Soil loss is a global threat to the integrity and function of the Earth’s ecosystems. Soil loss can have dramatic implications for the provision of essential food and resources to human communities. Soil loss and degradation can be accelerated by landslides and erosion, which are two ubiquitous natural hazards. These hazards are commonly triggered by rainfall, which impacts on soil structure and its mechanical integrity. Consequently, the severity and recurrence of landslides and erosion will likely increase due to the intensification of the hydrological cycle predicted under the scenarios of climate change, leading to further soil loss and degradation. It is becoming evident that we are currently experiencing a climate crisis and emergency in our planet, so we must not only take action against climate change, but also against its tangible effects on our environment. This a unique opportunity to learn from nature and understand how it functions, so we can find sustainable solutions to the challenges ahead, such as the intensification of landslides and erosion, and so we can help human communities become resilient to climate change.

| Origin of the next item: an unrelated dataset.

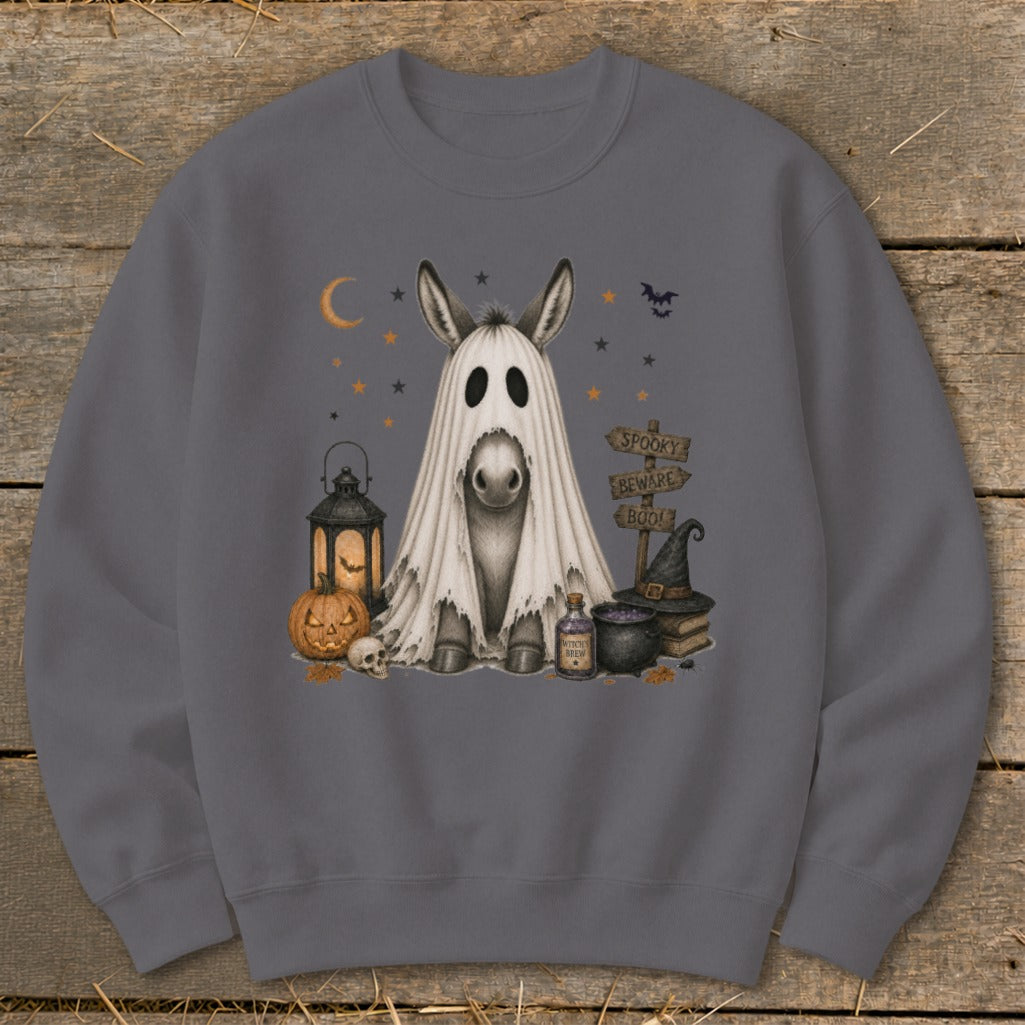 Donkey in a ghost costume surrounded by Halloween decorations, including a pumpkin and witch hat.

Nature-based solutions (NBSs) can be understood as ecology-based, integrated approaches that work alongside nature to manage natural hazards, address societal challenges, and solve engineering problems sustainably whilst providing co-benefits and ecosystem services to human communities. The concept of NBS is relatively easy to understand by the layperson, as the word is self-explanatory—i.e., those actions striving to find solutions to problems by using natural elements and processes. However, there is no official consensus on how NBSs must be defined. The concept of NBSs can be regarded as an umbrella term under which multiple disciplines can be found, such as ecosystem-based approaches (to climate adaptation), natural systems agriculture, natural solutions, green infrastructure and/or ecological engineering, etc. In fact, the combination of NBS approaches may lead to the obtainment of better results when an environmental challenge must be addressed.

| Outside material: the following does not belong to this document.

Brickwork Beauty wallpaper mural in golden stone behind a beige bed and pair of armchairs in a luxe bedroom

The management and mitigation of natural hazards such as landslides and erosion necessitate strategies that bridge engineering principles with ecosystem functioning and, in most cases, with sensible approaches to land management. Multiple examples of ecology-based, integrated approaches employed to address landslides, erosion, and even flooding can be found within the disciplines of soil and water bioengineering. Soil and water bioengineering often use techniques that combine landscape architecture, soil mechanics, hydrology, plant ecology, and now, ecosystem services management. These techniques can be regarded as plant-based NBSs, as vegetation is a key structural and functional element of a given NBS intervention. Vegetation thus ensures the sustainability, performance, resilience, and integration within the local environment of NBS interventions. Researchers and practitioners working on NBSs should take a close look at the examples provided by soil and water bioengineering to gain insights into how NBSs must be defined in a context of mitigating and managing hazards related to climate change. In fact, one of the main challenges currently faced by NBSs, which is the lack of a solid evidence base related to their performance, could somehow be circumvented by looking into other disciplines that have employed NBSs even before the term was coined, such as soil and water bioengineering.

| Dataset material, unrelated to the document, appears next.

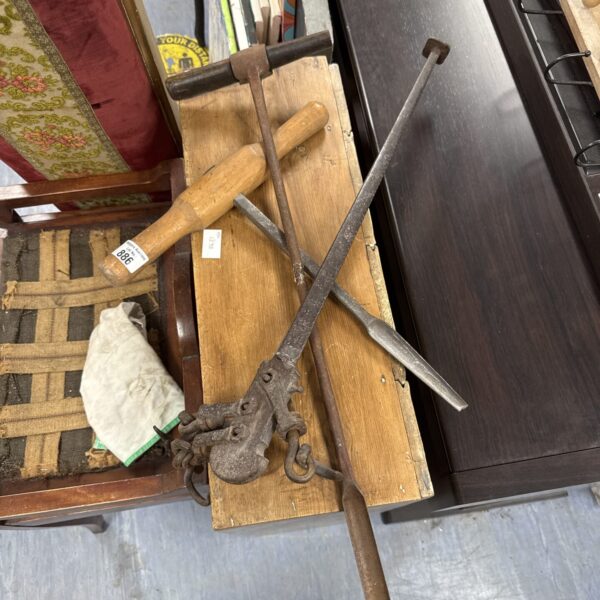Two vintage hole boring augers displayed on a wooden surface.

The lack of evidence on how NBSs perform has been identified as the greatest limitation to encouraging their uptake and upscaling. NBSs will only make a difference in the battle against climate change if they are used globally and at a large scale. A sound evidence base on NBS performance does not exist yet because there are no established frameworks, protocols, standards, and indicators to quantify it [1] and which can be used with confidence by scientists and practitioners alike. More importantly, the lack of evidence may have a negative impact on the perception of NBSs by the public, who may thus favour more traditional approaches, such as those coined as ‘grey’ or ‘hybrid’, overlooking the many co-benefits and ecosystem services that NBSs can provide. Consequently, research and studies that can contribute to filling the knowledge gap of how NBSs perform should be particularly welcome by the scientific community, policy and decision makers, and by the public in general. New insights into NBS performance will undoubtedly encourage and facilitate the inclusion of NBS design within risk reduction strategies and push business exploitation.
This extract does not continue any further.